→ YOUR TASK: Your copy should start at the line with "Used 2022 BMW 750i xDrive AWD/4WD image 19" and end at the line with "Nhà phố kdc" in the data below. Transcribe only those lines, exactly, pictures excluded.

→ RECORDS FOR PROCESSING:
----------
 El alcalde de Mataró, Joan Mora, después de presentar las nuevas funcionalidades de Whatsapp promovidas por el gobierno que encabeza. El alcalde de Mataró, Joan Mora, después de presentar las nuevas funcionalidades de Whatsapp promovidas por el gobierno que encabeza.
----------
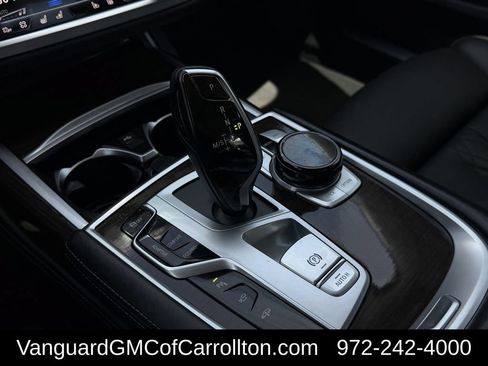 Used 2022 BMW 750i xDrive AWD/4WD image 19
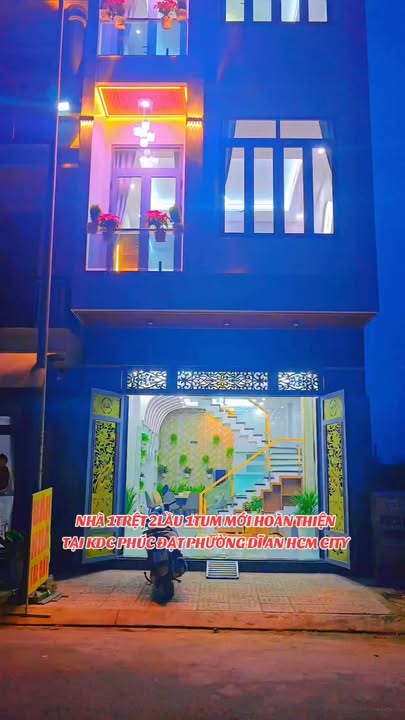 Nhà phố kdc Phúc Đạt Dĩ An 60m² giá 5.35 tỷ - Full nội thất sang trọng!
----------
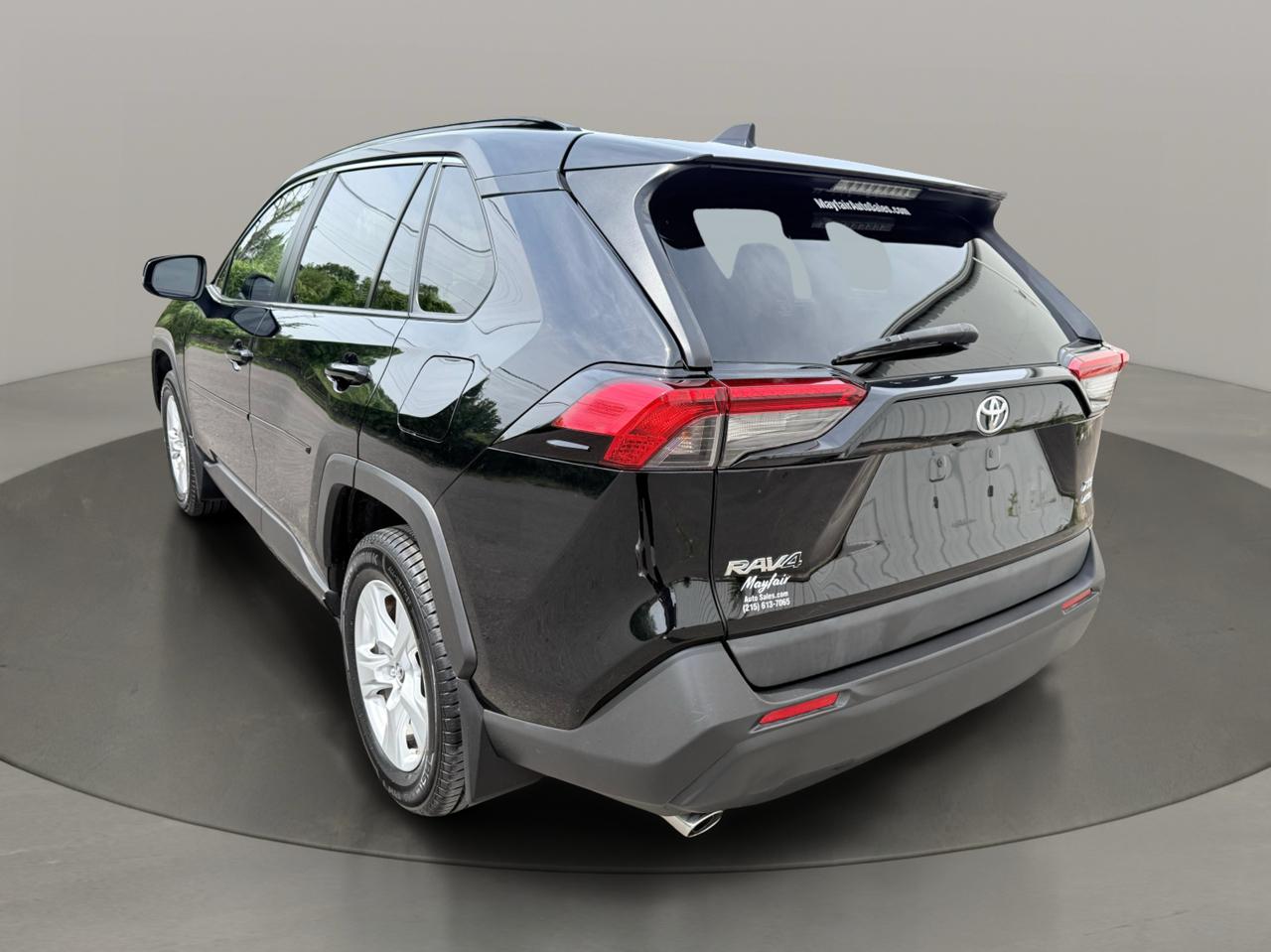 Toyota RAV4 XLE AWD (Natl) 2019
----------
→ SOLUTION FOR THIS EXERCISE:
 Used 2022 BMW 750i xDrive AWD/4WD image 19
 Nhà phố kdc Phúc Đạt Dĩ An 60m² giá 5.35 tỷ - Full nội thất sang trọng!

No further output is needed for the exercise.